§ **EXERCISE AIM**:
Pictures stay out of the copy. Transcribe exactly the lines from the line with "وزير الداخلية يترأس" through the final line of the records.

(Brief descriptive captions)
┏━━

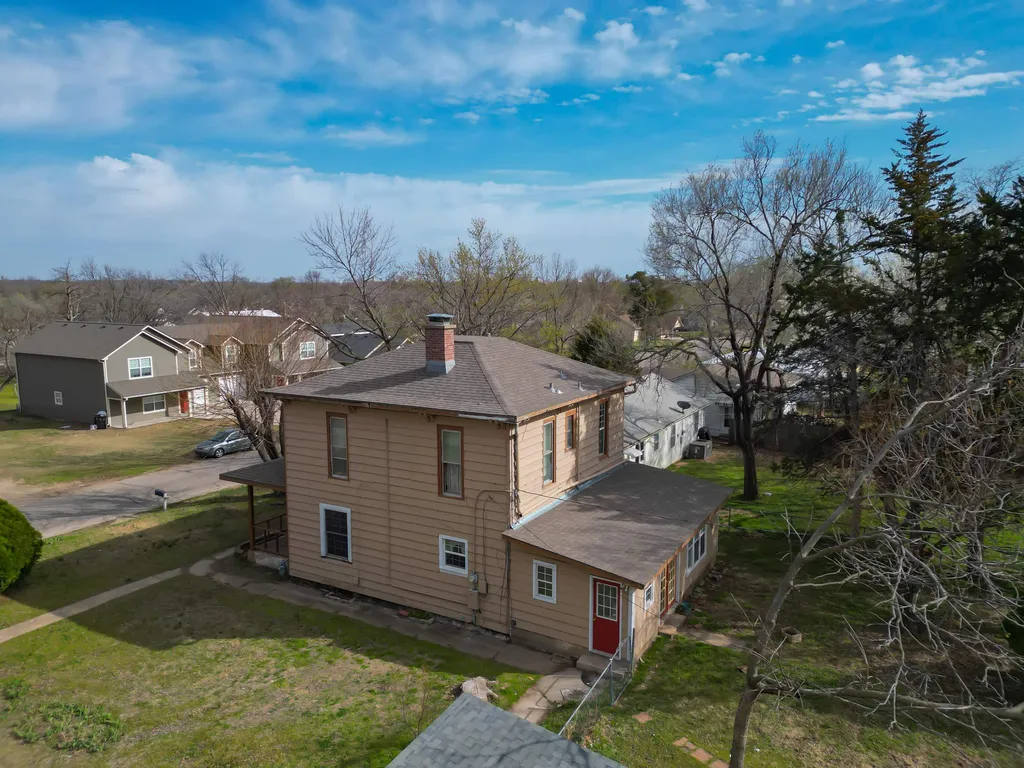 825 N 7th Street Arkansas City KS 67005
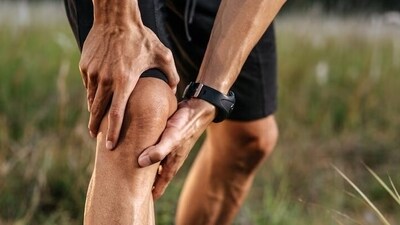 In winters, drop in barometric pressure can cause the soft tissues to swell and this may put pressure on the joints, causing pain and stiffness. (Freepik) In winters, drop in barometric pressure can cause the soft tissues to swell and this may put pressure on the joints, causing pain and stiffness. (Freepik)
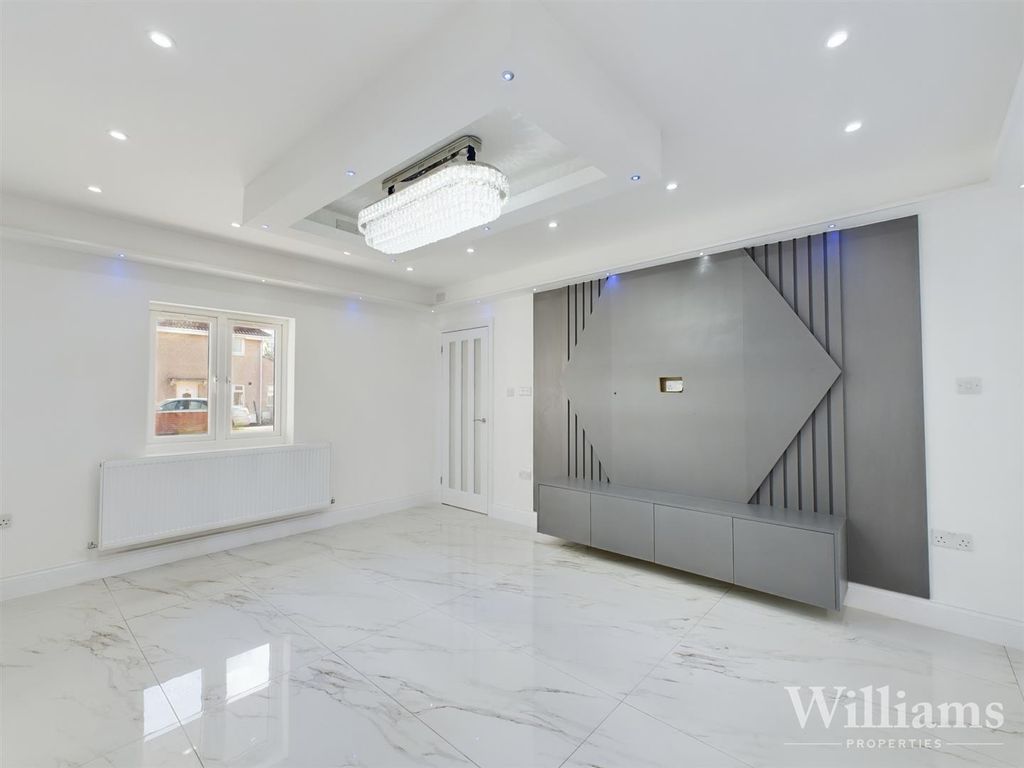 Property photo 2 of 17 Cam02962G0-Pr0106-Still005.Jpg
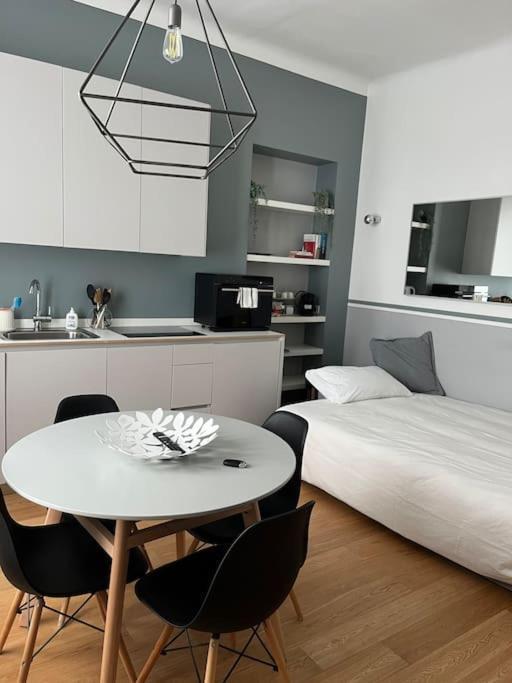 Bilocale Di Charme Apartment Milan Exterior photo
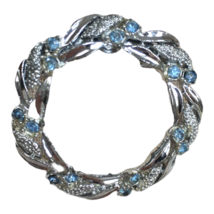 Gerrys Jeweled Wreath Pin Brooch Light Blue Rhinestones Silver Tone Acce... - £9.55 GBP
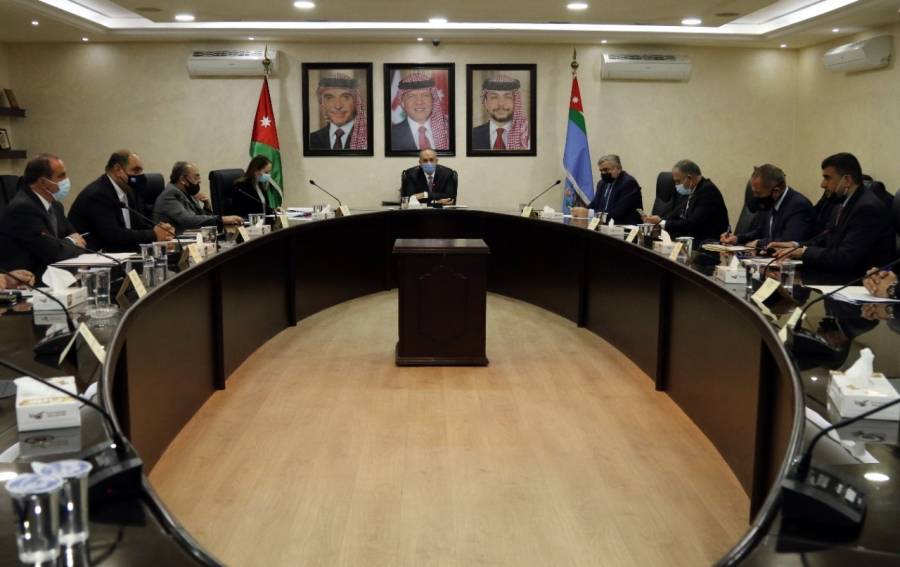 وزير الداخلية يترأس اجتماعا لمناقشة جهود التصدي لجائحة كورونا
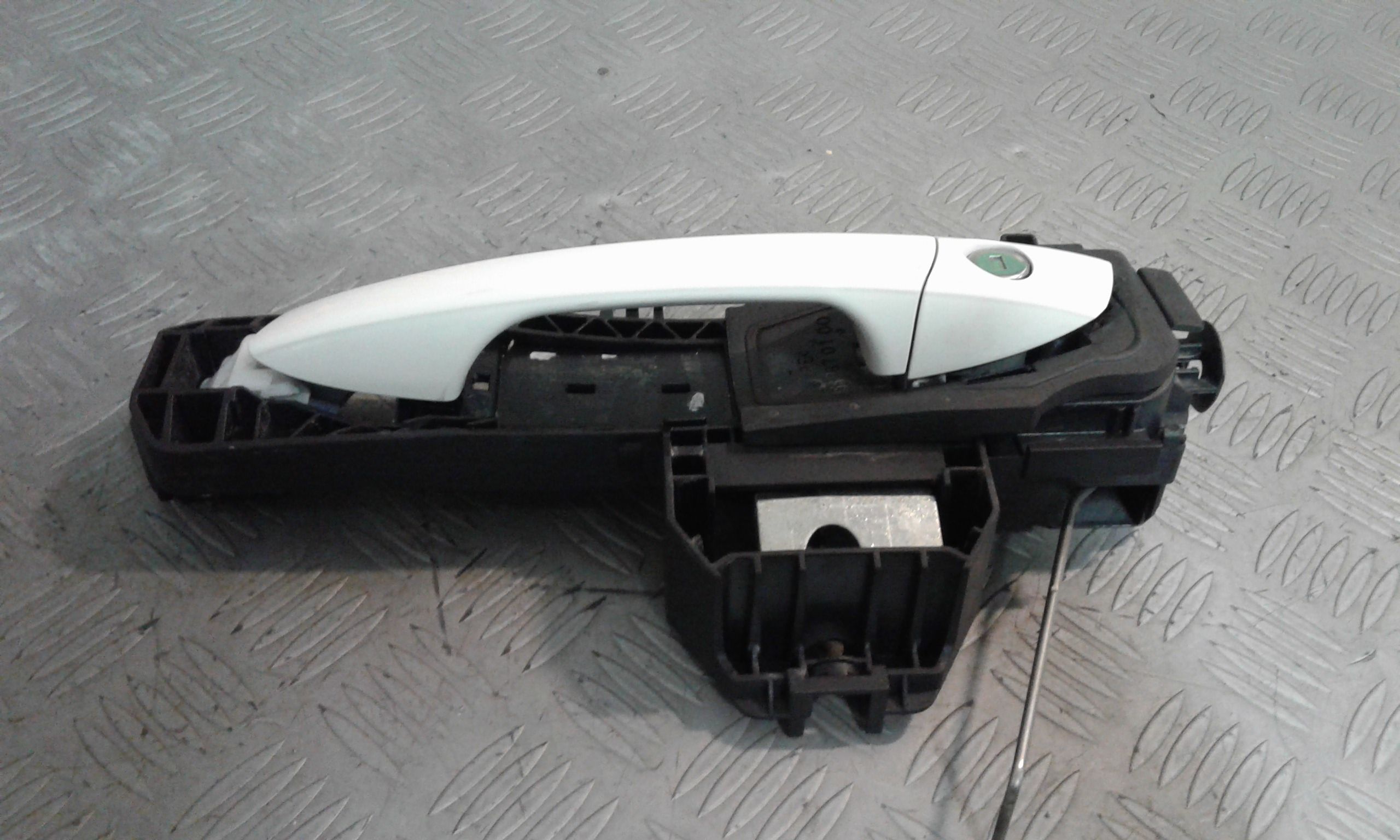 Maniglia esterna Anteriore Sinistra MERCEDES GLA Serie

┗━━

§ **WRITTEN ANSWER**:
 وزير الداخلية يترأس اجتماعا لمناقشة جهود التصدي لجائحة كورونا
 Maniglia esterna Anteriore Sinistra MERCEDES GLA Serie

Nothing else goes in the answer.